→ **Task details**: Restate the whole listing below word for word and keep the images out.

* * * *

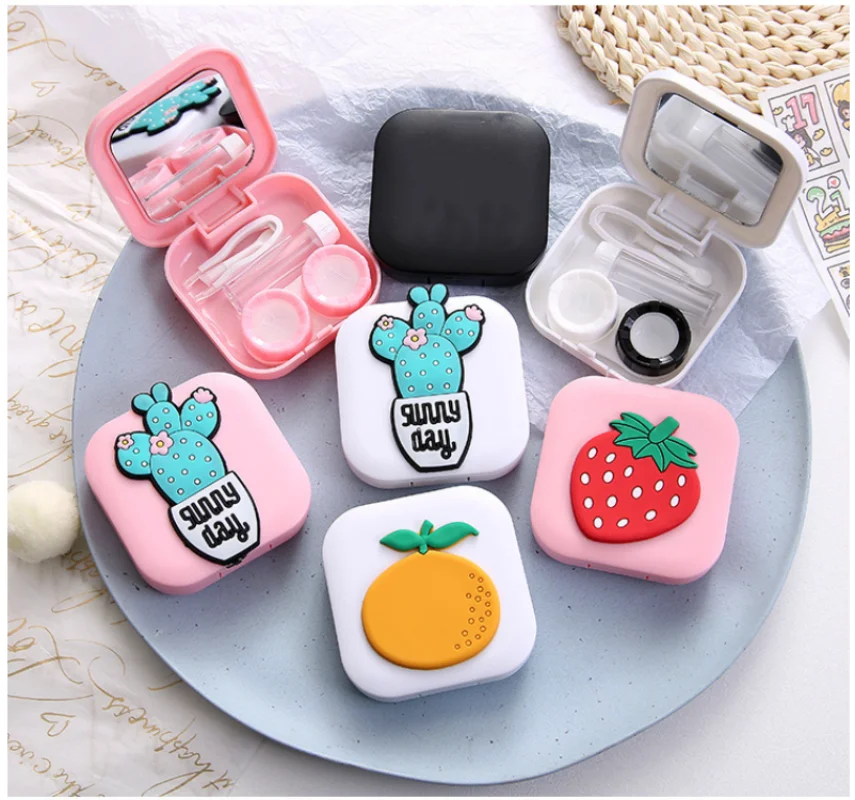 Cute Cartoon Small Contact Lense Storage Box Lovely Contact Lens Case Portable Travel Contact Lenses Case Container Lenses Box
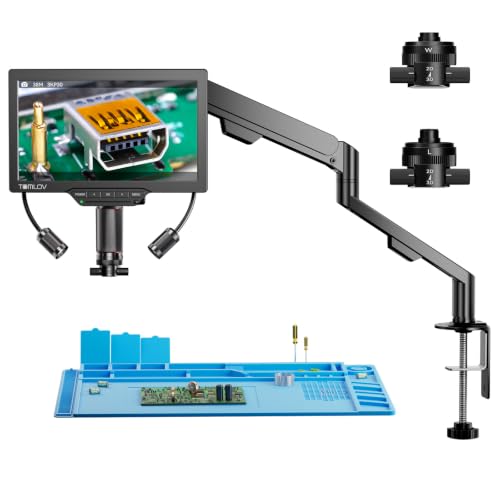 TOMLOV 3D Digital Soldering Microscope TM3K-3D, 7" Magnetic Dual Lens Scope - size: 7-inch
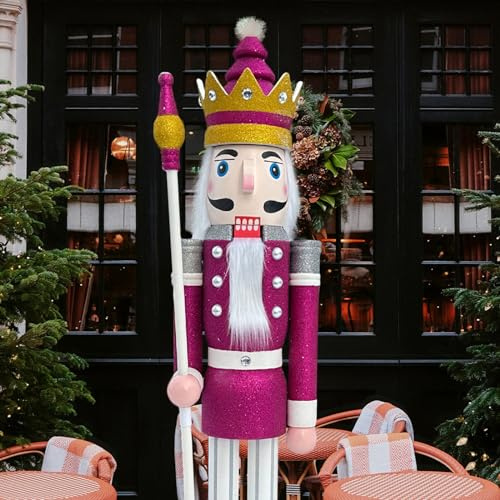 CDL XL/5 pies/150 cm/5 pies/5 pies/150cm tamaño Natural Grande/Gigante púrpura Purpurina Navidad de Madera Cascanueces Rey y Ornamento de Soldado muñeca Escaparate/Casa Decorativo K32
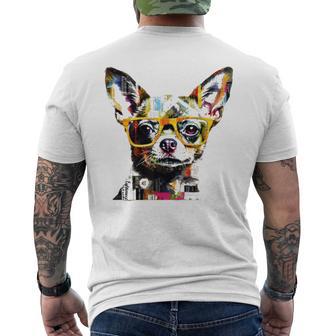 黄色のメガネを着たチワワ 明るい色 メンズTシャツ バックプリント - Kawaiitshirt
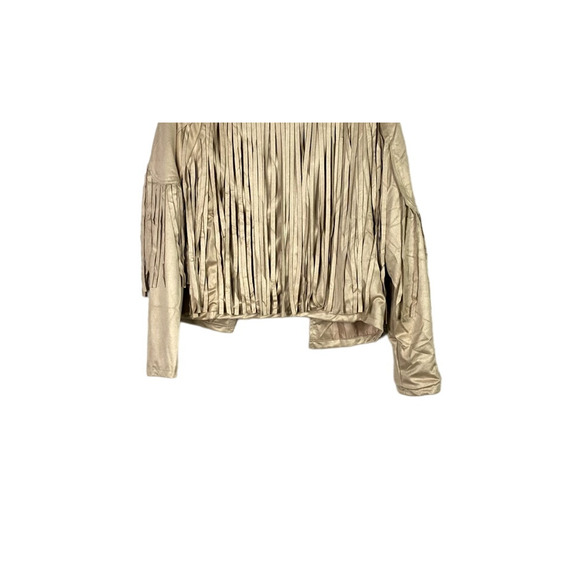 NEW! Western Fringe Soft Faux Suede Open Style Lined Jacket Coat M Light Tan - Picture 10 of 12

* * * *

→ **Answer space**:
 Cute Cartoon Small Contact Lense Storage Box Lovely Contact Lens Case Portable Travel Contact Lenses Case Container Lenses Box
 TOMLOV 3D Digital Soldering Microscope TM3K-3D, 7" Magnetic Dual Lens Scope - size: 7-inch
 CDL XL/5 pies/150 cm/5 pies/5 pies/150cm tamaño Natural Grande/Gigante púrpura Purpurina Navidad de Madera Cascanueces Rey y Ornamento de Soldado muñeca Escaparate/Casa Decorativo K32
 黄色のメガネを着たチワワ 明るい色 メンズTシャツ バックプリント - Kawaiitshirt
 NEW! Western Fringe Soft Faux Suede Open Style Lined Jacket Coat M Light Tan - Picture 10 of 12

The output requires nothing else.